-------- Source data --------

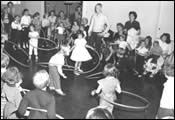 Hula Hoop craze of 1957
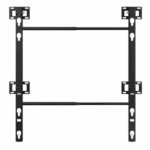 Staffa a Parete Samsung per Monitor – Fissaggio a Muro in Metallo Nero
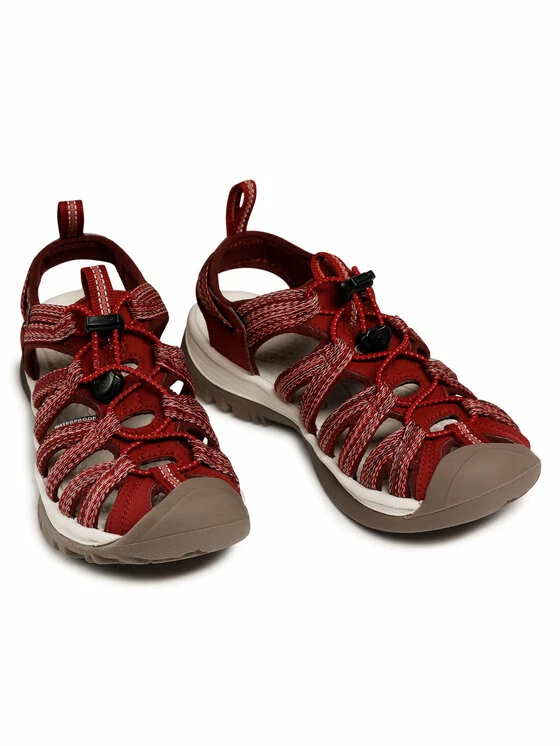 Νέος 👏 Keen Γυναίκες Μπότες Χιονιού Σανδάλια Whisper 1025041 Μπορντό 🔔 - Image 5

--------

The task: Everything from the line containing "Staffa a Parete" through the end of the data should be printed exactly, line for line, except the pictures.

Finished task:
 Staffa a Parete Samsung per Monitor – Fissaggio a Muro in Metallo Nero
 Νέος 👏 Keen Γυναίκες Μπότες Χιονιού Σανδάλια Whisper 1025041 Μπορντό 🔔 - Image 5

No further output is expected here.